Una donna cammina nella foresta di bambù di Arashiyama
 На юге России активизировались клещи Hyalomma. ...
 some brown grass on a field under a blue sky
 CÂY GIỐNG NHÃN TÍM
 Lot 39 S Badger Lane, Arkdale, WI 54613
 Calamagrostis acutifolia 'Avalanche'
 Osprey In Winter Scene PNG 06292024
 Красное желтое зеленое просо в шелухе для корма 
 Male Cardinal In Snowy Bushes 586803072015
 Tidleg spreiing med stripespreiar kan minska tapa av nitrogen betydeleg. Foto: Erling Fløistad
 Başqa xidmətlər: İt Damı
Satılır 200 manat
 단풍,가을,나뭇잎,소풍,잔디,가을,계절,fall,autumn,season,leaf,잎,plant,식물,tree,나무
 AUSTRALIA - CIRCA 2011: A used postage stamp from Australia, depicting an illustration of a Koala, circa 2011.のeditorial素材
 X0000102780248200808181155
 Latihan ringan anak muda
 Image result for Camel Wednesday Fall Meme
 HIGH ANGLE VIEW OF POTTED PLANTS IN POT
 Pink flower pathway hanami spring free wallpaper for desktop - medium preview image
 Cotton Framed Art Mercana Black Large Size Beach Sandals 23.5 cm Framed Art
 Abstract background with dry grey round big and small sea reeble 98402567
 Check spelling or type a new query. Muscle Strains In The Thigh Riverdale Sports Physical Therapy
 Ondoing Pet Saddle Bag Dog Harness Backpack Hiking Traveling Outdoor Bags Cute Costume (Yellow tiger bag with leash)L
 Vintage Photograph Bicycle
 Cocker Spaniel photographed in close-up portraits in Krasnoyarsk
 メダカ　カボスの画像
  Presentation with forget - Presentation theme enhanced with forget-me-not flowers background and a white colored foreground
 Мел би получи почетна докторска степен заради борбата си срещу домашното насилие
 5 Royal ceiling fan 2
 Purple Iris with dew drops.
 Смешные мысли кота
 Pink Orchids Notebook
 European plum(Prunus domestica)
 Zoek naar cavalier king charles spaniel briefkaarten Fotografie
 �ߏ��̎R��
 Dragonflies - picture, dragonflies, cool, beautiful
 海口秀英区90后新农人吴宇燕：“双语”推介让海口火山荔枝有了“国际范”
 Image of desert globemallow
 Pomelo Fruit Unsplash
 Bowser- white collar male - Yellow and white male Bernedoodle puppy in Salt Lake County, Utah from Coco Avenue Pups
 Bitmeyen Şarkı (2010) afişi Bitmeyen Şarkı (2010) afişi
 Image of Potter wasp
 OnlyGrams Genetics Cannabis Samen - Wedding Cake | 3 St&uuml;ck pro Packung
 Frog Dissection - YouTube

....................

Task to complete ->
Go through the data and copy each line exactly as it was written.

Solution to this problem ->
Una donna cammina nella foresta di bambù di Arashiyama
 На юге России активизировались клещи Hyalomma. ...
 some brown grass on a field under a blue sky
 CÂY GIỐNG NHÃN TÍM
 Lot 39 S Badger Lane, Arkdale, WI 54613
 Calamagrostis acutifolia 'Avalanche'
 Osprey In Winter Scene PNG 06292024
 Красное желтое зеленое просо в шелухе для корма 
 Male Cardinal In Snowy Bushes 586803072015
 Tidleg spreiing med stripespreiar kan minska tapa av nitrogen betydeleg. Foto: Erling Fløistad
 Başqa xidmətlər: İt Damı
Satılır 200 manat
 단풍,가을,나뭇잎,소풍,잔디,가을,계절,fall,autumn,season,leaf,잎,plant,식물,tree,나무
 AUSTRALIA - CIRCA 2011: A used postage stamp from Australia, depicting an illustration of a Koala, circa 2011.のeditorial素材
 X0000102780248200808181155
 Latihan ringan anak muda
 Image result for Camel Wednesday Fall Meme
 HIGH ANGLE VIEW OF POTTED PLANTS IN POT
 Pink flower pathway hanami spring free wallpaper for desktop - medium preview image
 Cotton Framed Art Mercana Black Large Size Beach Sandals 23.5 cm Framed Art
 Abstract background with dry grey round big and small sea reeble 98402567
 Check spelling or type a new query. Muscle Strains In The Thigh Riverdale Sports Physical Therapy
 Ondoing Pet Saddle Bag Dog Harness Backpack Hiking Traveling Outdoor Bags Cute Costume (Yellow tiger bag with leash)L
 Vintage Photograph Bicycle
 Cocker Spaniel photographed in close-up portraits in Krasnoyarsk
 メダカ　カボスの画像
  Presentation with forget - Presentation theme enhanced with forget-me-not flowers background and a white colored foreground
 Мел би получи почетна докторска степен заради борбата си срещу домашното насилие
 5 Royal ceiling fan 2
 Purple Iris with dew drops.
 Смешные мысли кота
 Pink Orchids Notebook
 European plum(Prunus domestica)
 Zoek naar cavalier king charles spaniel briefkaarten Fotografie
 �ߏ��̎R��
 Dragonflies - picture, dragonflies, cool, beautiful
 海口秀英区90后新农人吴宇燕：“双语”推介让海口火山荔枝有了“国际范”
 Image of desert globemallow
 Pomelo Fruit Unsplash
 Bowser- white collar male - Yellow and white male Bernedoodle puppy in Salt Lake County, Utah from Coco Avenue Pups
 Bitmeyen Şarkı (2010) afişi Bitmeyen Şarkı (2010) afişi
 Image of Potter wasp
 OnlyGrams Genetics Cannabis Samen - Wedding Cake | 3 St&uuml;ck pro Packung
 Frog Dissection - YouTube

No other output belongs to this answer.